We need to compile the defined CNN model.

cnn_model %>% compile(
  loss = loss_categorical_crossentropy,
  optimizer = optimizer_adadelta(),
  metrics = c('accuracy')
)

Train the model and save each epochs’s history. Please note, as we are not using GPU, it takes a few minutes to finish. Please be patient while waiting for the results. The training time can be significantly reduced if running on GPU.

cnn_history <- cnn_model %>% fit(
  x_train, y_train,
  batch_size = batch_size,
  epochs = epochs,
  validation_split = 0.2
)

The trained model accuracy can be evaluated on the testing dataset which is pretty good.

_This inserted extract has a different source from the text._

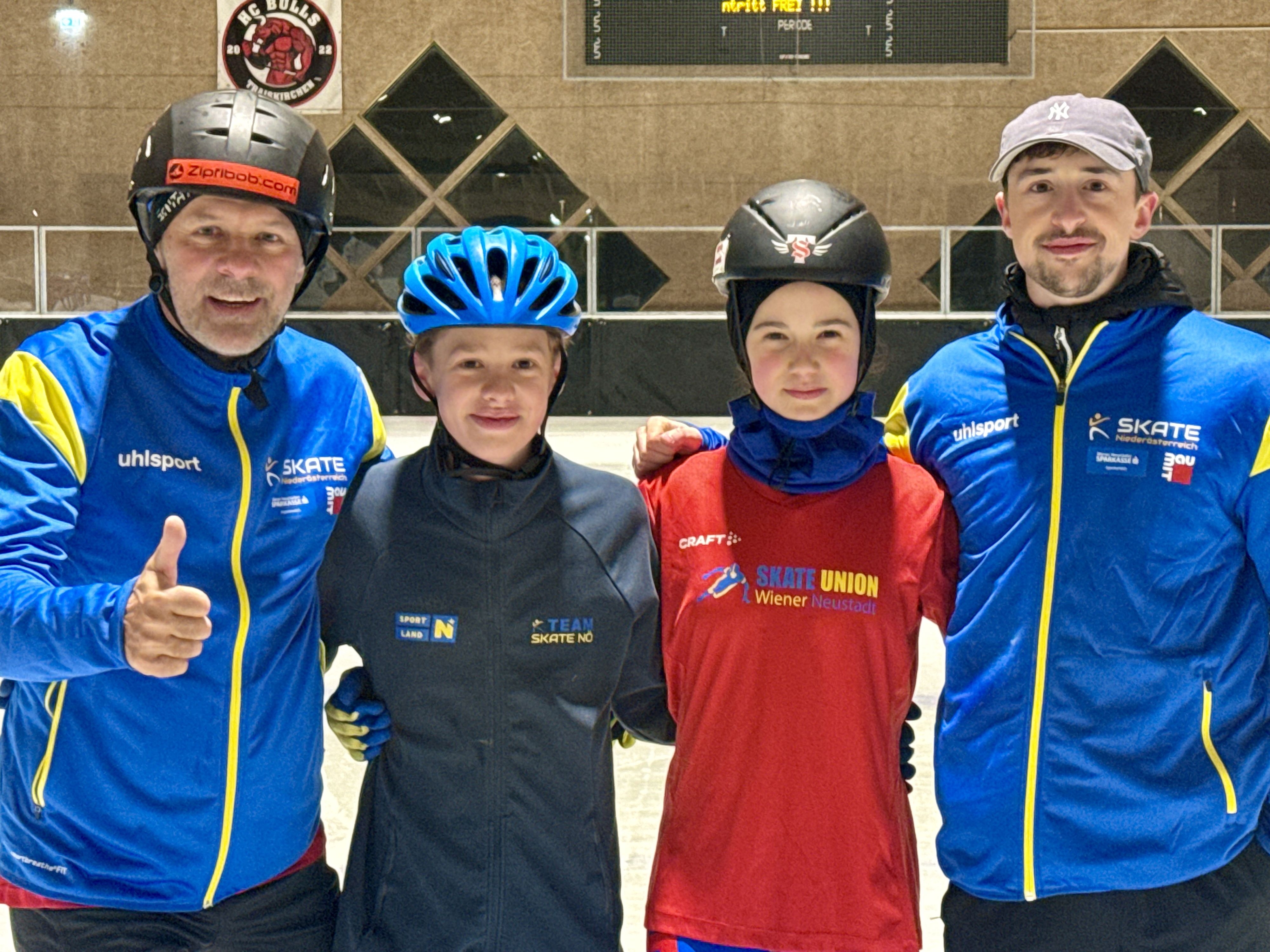Insgesamt konnten in dieser Saison acht NÖ-Landesrekorde erreicht werden (v.l.n.r.): Thomas Nemeth, Obmann der Skate Union Wiener Neustadt, Fabio Pammer, Noemi Griedl, Dominic Andermann, NÖ Landestrainer.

cnn_model %>% evaluate(x_test, y_test)
##       loss   accuracy 
## 0.02301287 0.99300003

There is some useful information stored in the output object cnn_history and the details can be shown by using str(). We can plot the training and validation accuracy and loss as function of epoch by simply calling plot(cnn_history).

str(cnn_history)
## List of 2
##  $ params :List of 3
##   ..$ verbose: int 1
##   ..$ epochs : int 10
##   ..$ steps  : int 375
##  $ metrics:List of 4
##   ..$ loss        : num [1:10] 0.3415 0.0911 0.0648 0.0504 0.0428 ...
##   ..$ accuracy    : num [1:10] 0.891 0.973 0.981 0.985 0.987 ...
##   ..$ val_loss    : num [1:10] 0.071 0.0515 0.0417 0.0377 0.0412 ...
##   ..$ val_accuracy: num [1:10] 0.978 0.985 0.988 0.99 0.988 ...
##  - attr(*, "class")= chr "keras_training_history"
plot(cnn_history)

Prediction

We can apply the trained model to predict new image.

# model prediction
cnn_pred <- cnn_model %>%
  predict(x_test) %>%
  k_argmax()

head(cnn_pred)
## tf.Tensor([7 2 1 0 4 1], shape=(6,), dtype=int64)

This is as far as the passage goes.